## ACTION ITEM
Check each line of the entries for "With" and report the ones that have it.

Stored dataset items
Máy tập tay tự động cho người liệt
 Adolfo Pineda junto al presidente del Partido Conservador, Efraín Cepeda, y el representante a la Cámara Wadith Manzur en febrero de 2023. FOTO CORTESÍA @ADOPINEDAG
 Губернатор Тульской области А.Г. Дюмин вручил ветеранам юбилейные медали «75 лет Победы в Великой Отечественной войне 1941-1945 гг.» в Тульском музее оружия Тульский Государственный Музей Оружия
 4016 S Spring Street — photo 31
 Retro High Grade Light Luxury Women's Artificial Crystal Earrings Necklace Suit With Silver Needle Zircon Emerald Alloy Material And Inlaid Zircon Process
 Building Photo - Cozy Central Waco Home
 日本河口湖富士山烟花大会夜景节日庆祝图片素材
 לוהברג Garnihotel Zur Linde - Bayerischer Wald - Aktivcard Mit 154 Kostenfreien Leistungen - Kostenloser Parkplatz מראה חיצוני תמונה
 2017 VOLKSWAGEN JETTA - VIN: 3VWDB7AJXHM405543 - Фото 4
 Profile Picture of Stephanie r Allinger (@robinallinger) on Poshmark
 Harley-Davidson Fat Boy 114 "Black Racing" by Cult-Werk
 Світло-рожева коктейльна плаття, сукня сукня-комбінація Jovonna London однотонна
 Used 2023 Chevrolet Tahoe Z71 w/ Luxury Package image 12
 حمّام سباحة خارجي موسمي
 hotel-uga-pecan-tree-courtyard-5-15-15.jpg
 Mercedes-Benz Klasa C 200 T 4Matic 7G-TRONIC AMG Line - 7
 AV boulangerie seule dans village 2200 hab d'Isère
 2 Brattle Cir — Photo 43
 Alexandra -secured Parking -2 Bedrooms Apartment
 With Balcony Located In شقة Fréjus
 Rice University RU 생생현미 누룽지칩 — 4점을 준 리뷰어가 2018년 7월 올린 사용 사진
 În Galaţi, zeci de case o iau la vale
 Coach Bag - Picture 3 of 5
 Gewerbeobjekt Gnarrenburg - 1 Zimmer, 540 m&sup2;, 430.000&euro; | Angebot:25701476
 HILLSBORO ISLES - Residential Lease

## SOLUTION
 Retro High Grade Light Luxury Women's Artificial Crystal Earrings Necklace Suit With Silver Needle Zircon Emerald Alloy Material And Inlaid Zircon Process
 With Balcony Located In شقة Fréjus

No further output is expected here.